Dilema memang, di saat pemerintah kota berusaha mengurangi jumlah kendaraan
bermotor dan mencoba menarik masyarakat untuk naik angkutan umum.
Kalau anda sering melintas di dekat KBS atau Kebun Binatang Surabaya,
persis setelah jembatan Wonokromo di sisi sebelah kiri jalan ada Terminal Angkutan
Umum Joyoboyo, anda bisa lihat atau melintas sesekali waktu di samping
terminal, nampak jajaran mobil angkot atau Lynn berbaris rapi menunggu
penumpang. Dan yang aneh penumpang yang ditunggu hanya “satu dua yang terlihat”.
Terminal itu nyaris mati kalau saya boleh bilang.
Ya disaat kemacetan mulai tak terbendung di kota kota besar
macam Surabaya, harusnya angkutan umum menjadi alternatif pemecahan masalahnya.
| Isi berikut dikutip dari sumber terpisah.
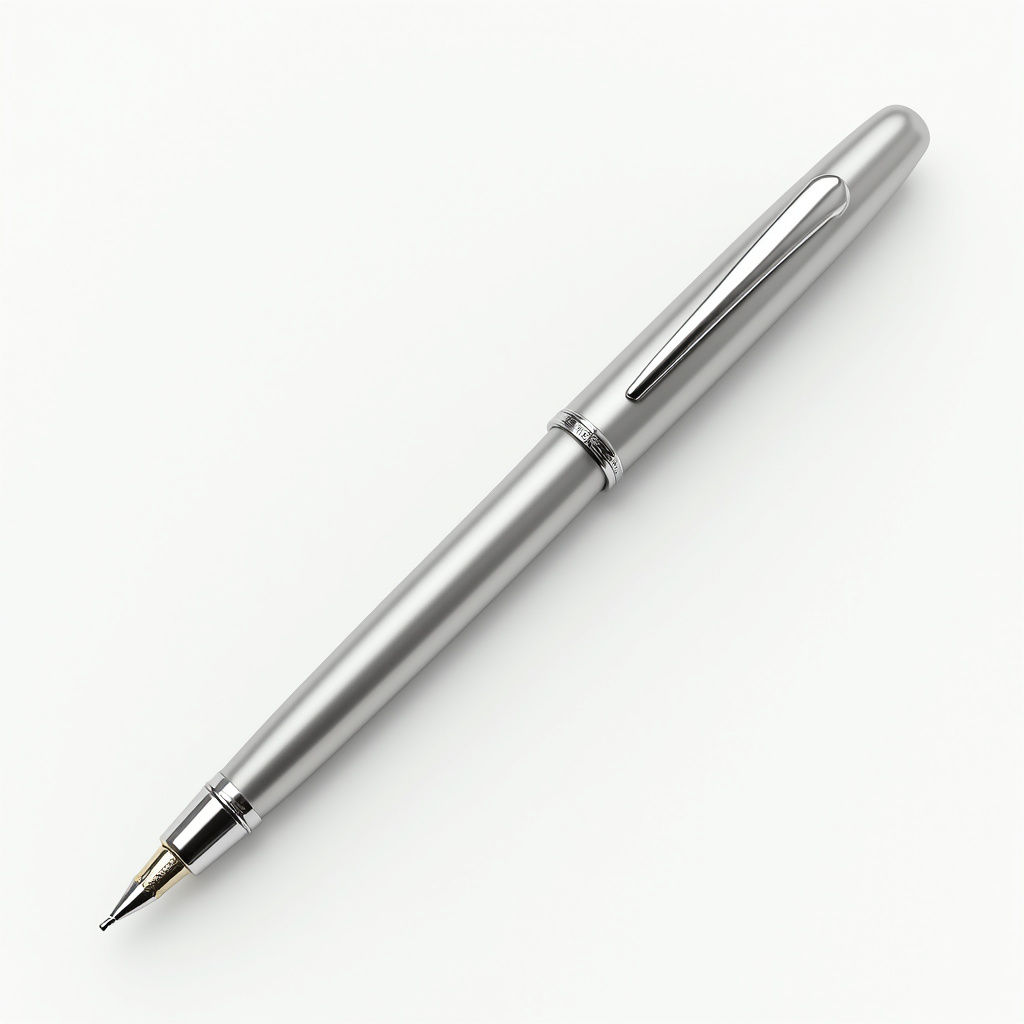 Premium Fountain Pen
Namun apa boleh buat, orang lebih memilih naik sepeda motor atau mobil pribadi
jika pergi ke tempat kerja atau untuk keperluan lainnya. Kredit sepeda motor
sekarang amat sangat mudah, bahkan tanpa DP atau Uang Muka sekalipun dan proses
verifikasi yang seadanya saja. Motor baru dengan DP lima ratus ribu rupiah dan
cicilan mungkin kurang dari satu juta rupiah per bulan sudah bisa didapat.
Memang kalau dihitung hitung naik motor sendiri jelas akan
jauh lebih hemat daripada naik angkutan umum. Kita coba buat perhitungan
sederhana, motor sekarang rata rata untuk pemakaian dalam kota konsumsi BBM nya
sekitar 30-40 km/liter. Jika jarak dari rumah ke tempat kerja kita ambil rata
rata sekitar 10 km, maka jarak tempuh pulang pergi adalah 20 km setiap harinya.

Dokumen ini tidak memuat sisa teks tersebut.